I then wandered over to the Premier Lounge, which is accessible up a long flight of stairs. The very spacious and comfortable lounge boasted a wide variety of hot and cold munchies plus a limited supply of adult beverages. An outdoor patio overlooking the ocean was closed but I preferred to enjoy the well air-conditioned indoor environment anyway. I located several computers hidden away in one corner of the lounge so I decided to camp out there to catch up on email while snacking on munchies.

The work area actually turned out to be much noisier than I anticipated because many of the lounge attendants were gathered around a nearby television, enjoying a Balinese soap opera at very high volume. In addition, I soon heard other strange loud noises, which sounded like huge slabs of meat being hit with great force. When I left my seat to seek out the source of these sounds, it turned out that it really was the sound of meat being tenderized -- someone was being given a massage in one corner of the lounge.



About 45 minutes before my flight was scheduled to depart, I exited the premier lounge and sauntered off to the gate. The departure lounge was very crowded and I endured a short but fairly uncomfortable wait until passengers were finally allowed to board. What was especially interesting was that an arriving flight had just pulled up to adjacent gate and all of the passengers were sharing the same walkway. Given that arriving passengers should not be allowed to mix with those on the outbound flight, the airport staff would take turns, allowing a dozen or so inbound passengers to walk through and then would hold back the line for a while so some of the passengers on our flight could board.



Despite the crowds that had amassed within the departure lounge, the load in the business class cabin was actually quite light and my seat opponent soon relocated to grab a couple of seats for himself. The flight crew was pleasant as usual and we landed in SIN just a few minutes late, at the far reaches of the A gates in Terminal 3. Fifteen minutes later, I had made my way over to terminal 1 and entered my room at the transit hotel.

No Whining

Given UA's flight cancellation performance of late, I must confess that I confronted my upcoming four segment return trip to PDX with some trepidation. Having picked up my business class boarding pass in DPS while checking in for my SIN flight the prior evening, I was able to relax and catch up on email in the Terminal 2 SKL lounge before returning to the C transfer desk in Terminal 1 to pick up my "real" UA boarding passes for my upcoming flights. Given its origins, Saya Tidak Mau means the same in Bahasa Malaysia as it does in Bahasa Indonesia so the two check-in agents got quite a kick at my note.

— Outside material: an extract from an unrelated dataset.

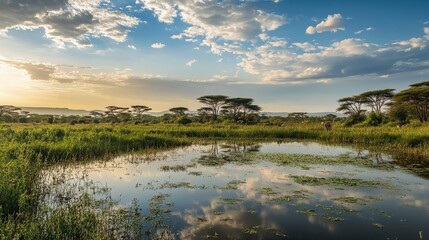 Environmental justice represented by a serene landscape where diverse wildlife thrives in a protected natural reserve, Signifying conservation and biodiversity, photography style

Another advantage to showing up to collect my “real” UA boarding passes at the fashionably late hour of 6:30 AM was that there were no longer any passengers remaining in the queue, which can be very long and slow moving at times. Surprisingly, 50 or so transfer passengers still remained camped out and sleeping soundly nearby. I am still amazed that they managed to sleep at all with so much noise emanating from the "Tyra Banks" program, cackling at high volume from a nearby television.

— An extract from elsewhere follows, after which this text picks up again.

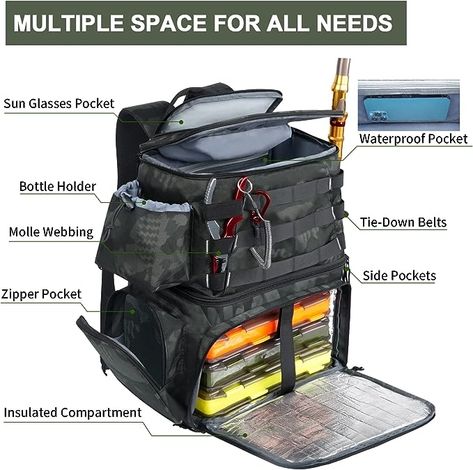 MATEIN fishing backpack comes with a cooler compartment for storing your bait, drinks and food. This tackle backpack provides you with maximum comfort and convenience while providing adequate storage space for everything you'll ever need for a fishing trip Fishing Gear Organization, Box Backpack, Baseball Backpack, Fishing Storage, Fishing Tackle Storage, Fishing Bag, Fishing Backpack, Rod Holders, Box Water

The flight out of SIN was fine, enhanced by the usual friendly and attentive service provided by the SIN based crew. In NRT, I had plenty of time to relax in the ANA lounge, catch up on Flyertalk and enjoy a nice bowl of soba:



and some ice cream:



and some additional snacks, accompanied by several servings of my favorite beverage, gin and tonic deployed in a tall “beer robot” glass:



I boarded my flight to LAX as late as I could and was instantly recognized by the crew from previous trips. And from what I could see, one FA in particular was well prepared for my arrival:



I apologize that her face is so fuzzy in the photograph but I must admit that after so many beer robot gin and tonics, I was somewhat pixilated by the time I boarded the flight.

When I finally arrived back home in PDX, I was very relieved to discover that my apartment was completely free of evil monkeys. I am now in the process of getting my act together for a trip to Sarawak tomorrow, where I hear that the orang utans are very clever. Proboscis monkeys are also native to Borneo but I am a little leery about sticking my nose where it doesn't belong.

Until then, I will think back fondly to all of the monkey business in Bali.